President Emmerson Mnangagwa says an effective correctional service is an essential component of the country’s quest to achieving an empowered upper middle-income society by 2030.

He was speaking at the 150th pass out parade for 771 Zimbabwe Prisons and Correctional Service cadets at Ntabazinduna Training School this Monday.

He commended the correctional service for recruiting females, as 211 of the graduands were women.

“It also demonstrates our empowerment and commitment to recognise and promote gender equality as set out in our country’s National Gender Policy, the African Union’s Agenda 2063 and Sustainable Development. These conscious decisions further ensure that people enjoy the true meaning of our independence, freedom and democracy… The task of the graduating and into the future is to resolutely help entrench safety and security as we march towards the realisation of the Vision 2030,” said President Mnangagwa.

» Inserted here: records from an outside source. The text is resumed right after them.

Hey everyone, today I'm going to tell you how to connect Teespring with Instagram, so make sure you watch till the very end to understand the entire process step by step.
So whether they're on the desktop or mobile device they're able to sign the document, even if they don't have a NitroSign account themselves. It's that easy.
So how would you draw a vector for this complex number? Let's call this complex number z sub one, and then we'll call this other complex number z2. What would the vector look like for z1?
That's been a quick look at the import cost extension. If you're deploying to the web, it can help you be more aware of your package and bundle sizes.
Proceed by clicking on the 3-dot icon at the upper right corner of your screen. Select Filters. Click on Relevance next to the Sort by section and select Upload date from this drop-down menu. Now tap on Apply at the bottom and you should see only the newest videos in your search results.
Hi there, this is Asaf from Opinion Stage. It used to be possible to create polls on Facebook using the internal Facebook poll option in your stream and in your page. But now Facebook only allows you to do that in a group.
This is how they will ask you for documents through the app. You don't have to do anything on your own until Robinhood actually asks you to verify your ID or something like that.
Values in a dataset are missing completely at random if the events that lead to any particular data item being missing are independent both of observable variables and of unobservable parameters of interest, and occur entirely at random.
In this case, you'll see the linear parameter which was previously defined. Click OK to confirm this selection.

The President added, “The 150th Recruit Correctional Service Officer training course, which had an enrollment of 771 students, saw no drop-outs notwithstanding the demands and high expectations of the training programme. I, thus, applaud the graduating class for their adherence to COVID-19 guidelines and protocols, including receiving vaccine doses under the National COVID-19 Vaccination Programme.”

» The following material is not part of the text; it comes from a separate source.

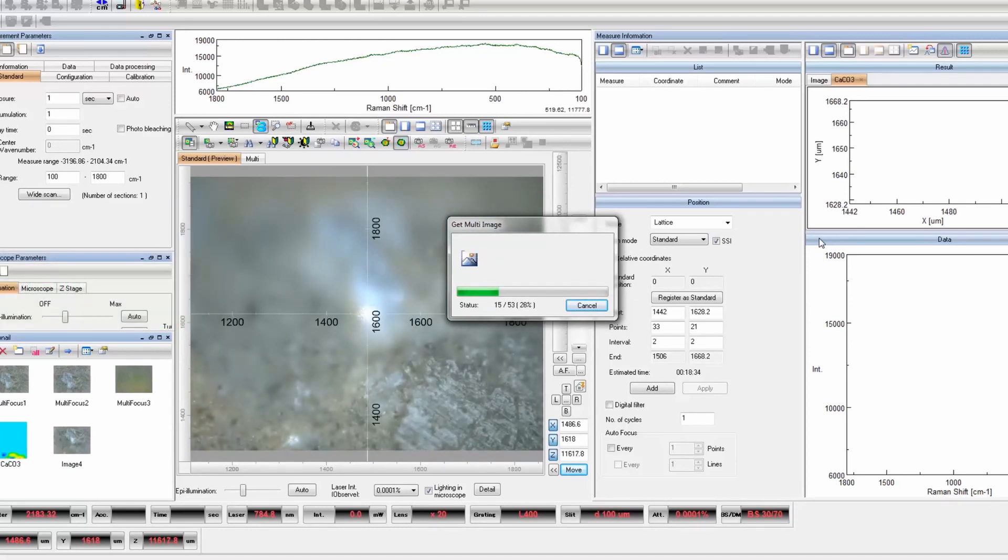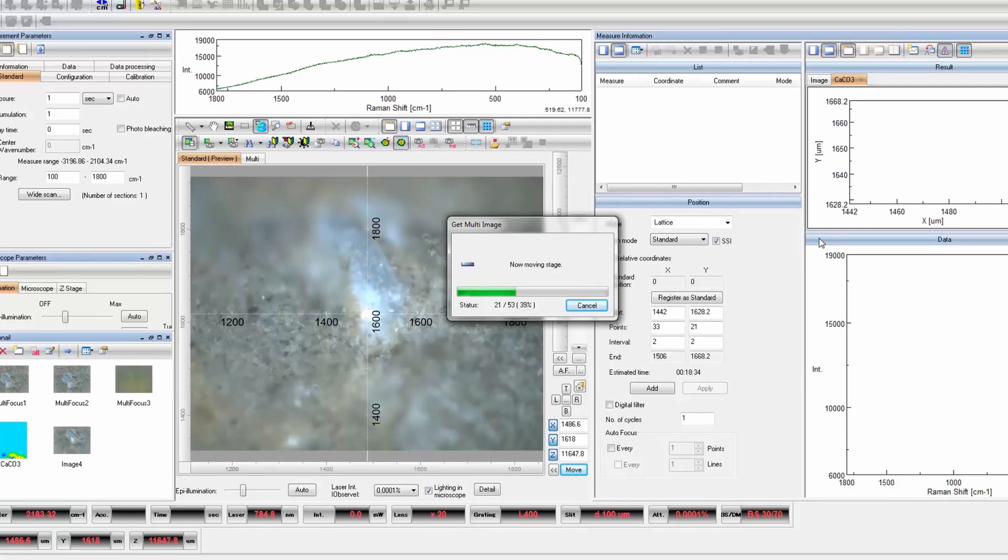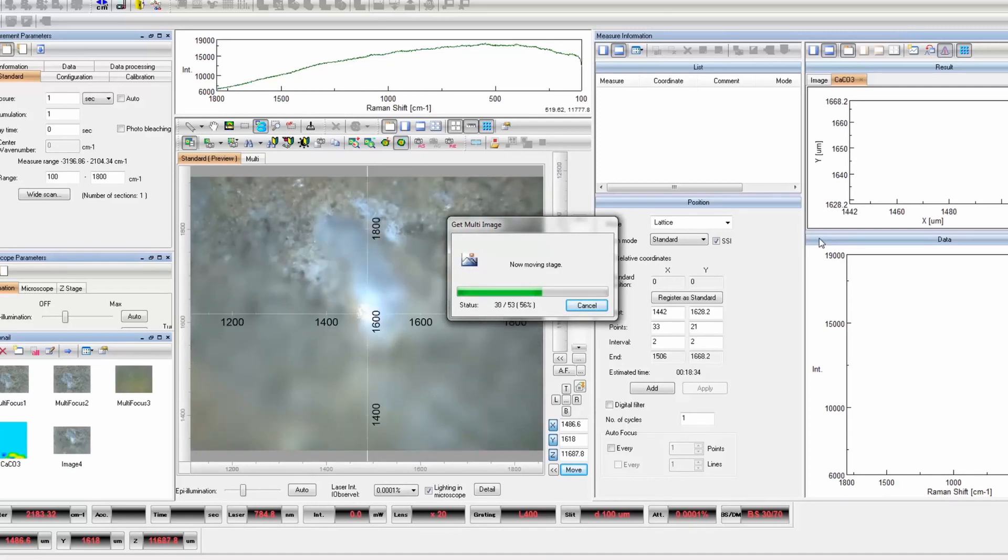Selecting simultaneous data analysis means that the image is built up in real time during the measurement.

He commended the various stakeholders and experts who contributed towards the delivery of a comprehensive training course, which comprised Constitutionalism, Human Rights, Gender, Drugs and Substance Abuse, among other modules.

“These equipped the cadets with contemporary skills on dealing with emerging complex issues and broader global realities, characterised by the rise in the use of ICTs and associated cyber security threats, and acts of terrorism, among others.”

President Mnangagwa said the mutually beneficial and co-operative approach bolsters the effectiveness of the correctional services in bridging the gap between the offender, society and government’s quest to attaining sustainable development.

He added, “This is more important as the Zimbabwe Prisons and Correctional Service is driven by the dictum ‘For the incarceration and rehabilitation of offenders and their successful re-integration into the society’. This is more so as offenders come from the society, commit crimes against those in the society and ultimately through your work, they will go back to the same communities. It is therefore, my expectation that as competent and professional Correctional Officers, you are now ready to execute your mandate as enshrined in Part 5, Section 227 of our National Constitution.”

He noted, “In addition, the advancement of the vision of your organisation should remain your guiding force as you serve our beloved mother land. This must include ensuring that the correctional services lead to the successful reintegration of inmates into society.”